The Environment and Sustainability Advisory Committee (E&S Committee) is a good example of the problems with the new advisory committees.
This committee replaced the Biodiversity and the Climate Change Advisory Committees and covers a very extensive area. Its remit includes the following strategies – Environmental Management, Biodiversity, Bush Regeneration, Urban Tree Management, Solid Waste Management, Renewable Energy and Emissions Reduction. It also has responsibility for a Koala Plan of Management and Coastal Management Programs.
As meetings are now limited to two hours and there have only been two meetings this year, the range of areas to be covered indicates a lack of commitment by Council to either actually having effective community input or any commitment to the need for urgent action on very important environmental issues.

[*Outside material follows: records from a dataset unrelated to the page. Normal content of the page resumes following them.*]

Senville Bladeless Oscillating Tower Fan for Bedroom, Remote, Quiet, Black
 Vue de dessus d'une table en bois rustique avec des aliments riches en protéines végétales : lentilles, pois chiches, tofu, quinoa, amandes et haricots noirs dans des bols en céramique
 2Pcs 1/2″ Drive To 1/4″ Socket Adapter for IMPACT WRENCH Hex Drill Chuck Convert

Another major change has been the staff composition on all these committees. Instead of the relevant manager, each committee meeting is now attended by the General Manager and the relevant Director at the next level of the bureaucracy. An obvious result of this has been strengthening control on what is actually discussed at these meetings with any input seen to be undesirable being squashed pronto.
It is increasingly obvious that Council is having advisory committees merely as a box-ticking exercise and that it has no genuine interest in community input.